Reading through the various critiques, one detects a generalized Luddism. Writing in the Guardian in 2019, Franklin Schneider proposed that “air conditioning isn’t the solution — it’s the problem.” Specifically, Schneider submitted that “the perception of thermal discomfort is correlated with GDP” — by which he meant that “only rich people whine about the heat, crank the a/c, and then go on Twitter to brag about how they’re not setting foot outside.” This, arguably, is true; as early as 1959, 86 percent of Americans were telling Gallup that they wanted an air-conditioned home. But it is also wholly irrelevant. For a start, it is to be expected that the people who have become accustomed to air-conditioning will be the ones who complain about its absence, given that those who are not used to air-conditioning cannot miss it. More important, though: Schneider is thinking backwards. It’s not that rich people demand inventions such as air-conditioning. It’s that inventions such as air-conditioning produce more rich people. Or, put another way: Nations that have high GDP tend in part to have high GDP because developments such as air-conditioning have allowed them to fill their precarious regions with economic activity.
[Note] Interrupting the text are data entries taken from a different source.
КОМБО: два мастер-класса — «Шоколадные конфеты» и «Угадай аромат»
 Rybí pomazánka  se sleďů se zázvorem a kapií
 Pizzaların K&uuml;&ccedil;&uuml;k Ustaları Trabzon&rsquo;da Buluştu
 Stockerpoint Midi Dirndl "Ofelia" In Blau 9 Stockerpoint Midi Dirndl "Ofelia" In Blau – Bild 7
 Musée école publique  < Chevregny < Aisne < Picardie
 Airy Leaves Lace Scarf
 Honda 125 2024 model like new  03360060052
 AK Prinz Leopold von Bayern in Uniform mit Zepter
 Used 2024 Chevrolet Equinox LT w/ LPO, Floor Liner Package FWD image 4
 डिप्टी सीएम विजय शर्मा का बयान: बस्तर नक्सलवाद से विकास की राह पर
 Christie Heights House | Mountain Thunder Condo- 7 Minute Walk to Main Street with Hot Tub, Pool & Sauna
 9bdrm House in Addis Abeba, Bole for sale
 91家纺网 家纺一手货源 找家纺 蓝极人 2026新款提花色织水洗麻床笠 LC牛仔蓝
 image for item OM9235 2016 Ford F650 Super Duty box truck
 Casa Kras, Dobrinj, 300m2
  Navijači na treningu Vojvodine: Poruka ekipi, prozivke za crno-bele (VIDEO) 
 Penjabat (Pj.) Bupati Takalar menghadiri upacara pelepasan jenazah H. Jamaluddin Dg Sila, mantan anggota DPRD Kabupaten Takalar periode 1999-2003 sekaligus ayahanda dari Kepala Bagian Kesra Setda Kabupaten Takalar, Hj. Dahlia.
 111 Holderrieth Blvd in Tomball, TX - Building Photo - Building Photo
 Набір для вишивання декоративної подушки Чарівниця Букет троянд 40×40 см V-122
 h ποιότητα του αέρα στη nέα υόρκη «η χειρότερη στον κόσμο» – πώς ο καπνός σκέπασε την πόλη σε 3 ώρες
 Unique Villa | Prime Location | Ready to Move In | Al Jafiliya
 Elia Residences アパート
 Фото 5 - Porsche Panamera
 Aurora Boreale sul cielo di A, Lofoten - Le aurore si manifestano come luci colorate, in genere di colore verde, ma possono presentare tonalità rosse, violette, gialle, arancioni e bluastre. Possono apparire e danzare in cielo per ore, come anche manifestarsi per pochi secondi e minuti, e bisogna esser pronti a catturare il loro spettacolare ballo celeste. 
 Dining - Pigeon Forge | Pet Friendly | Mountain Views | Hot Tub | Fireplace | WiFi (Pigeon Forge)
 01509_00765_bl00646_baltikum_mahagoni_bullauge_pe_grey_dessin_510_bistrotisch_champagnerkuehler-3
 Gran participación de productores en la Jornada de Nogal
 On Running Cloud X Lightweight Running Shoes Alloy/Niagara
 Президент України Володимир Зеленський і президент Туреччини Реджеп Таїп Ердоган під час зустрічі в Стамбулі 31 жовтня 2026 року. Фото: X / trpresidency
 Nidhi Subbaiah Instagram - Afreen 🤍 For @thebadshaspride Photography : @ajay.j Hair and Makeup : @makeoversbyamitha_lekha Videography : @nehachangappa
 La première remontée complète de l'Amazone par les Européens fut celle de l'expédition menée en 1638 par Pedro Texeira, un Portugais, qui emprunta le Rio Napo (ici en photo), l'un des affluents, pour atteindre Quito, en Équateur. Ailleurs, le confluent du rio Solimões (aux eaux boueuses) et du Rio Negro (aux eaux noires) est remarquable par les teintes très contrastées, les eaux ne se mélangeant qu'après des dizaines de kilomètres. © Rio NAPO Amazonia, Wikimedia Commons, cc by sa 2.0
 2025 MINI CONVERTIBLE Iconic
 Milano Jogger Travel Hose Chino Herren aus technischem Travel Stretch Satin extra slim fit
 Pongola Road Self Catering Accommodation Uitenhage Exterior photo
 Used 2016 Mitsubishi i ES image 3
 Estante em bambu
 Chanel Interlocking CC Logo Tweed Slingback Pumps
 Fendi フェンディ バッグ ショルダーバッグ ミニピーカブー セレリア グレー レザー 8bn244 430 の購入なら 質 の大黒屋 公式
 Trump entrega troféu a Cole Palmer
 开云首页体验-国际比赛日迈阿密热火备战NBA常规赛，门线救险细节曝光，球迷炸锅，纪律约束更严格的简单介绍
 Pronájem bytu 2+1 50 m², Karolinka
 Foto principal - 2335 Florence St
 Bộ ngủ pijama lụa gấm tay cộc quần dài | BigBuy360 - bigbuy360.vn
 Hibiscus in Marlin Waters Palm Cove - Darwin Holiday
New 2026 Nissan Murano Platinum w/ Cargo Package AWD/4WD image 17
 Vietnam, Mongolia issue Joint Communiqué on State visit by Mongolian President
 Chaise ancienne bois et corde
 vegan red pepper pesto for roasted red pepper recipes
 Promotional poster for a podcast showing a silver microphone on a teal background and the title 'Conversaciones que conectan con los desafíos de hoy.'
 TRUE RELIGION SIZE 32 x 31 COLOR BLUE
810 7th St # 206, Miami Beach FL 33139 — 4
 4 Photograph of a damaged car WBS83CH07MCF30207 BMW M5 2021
America’s three most populous states — California, Texas, and Florida — are all air-conditioning-heavy states. Presumably, that matters.
During the 1911 New York heat wave, baked city-dwellers did everything they could to cool down. They slept outside — on their apartment’s fire stairs or in Central Park. They soaked their clothes in water. They even licked large blocks of ice that, despite being covered in flies, the saliva of hundreds of random children, and whatever had come off the back of the horse that dragged it there, were deemed preferable to the alternative. This summer, with them in mind, let’s resolve to hear no more of this silliness, and instead to recite an ancient prayer each and every time we get up from the couch to set the thermostat to a livable 70 degrees: Thank you.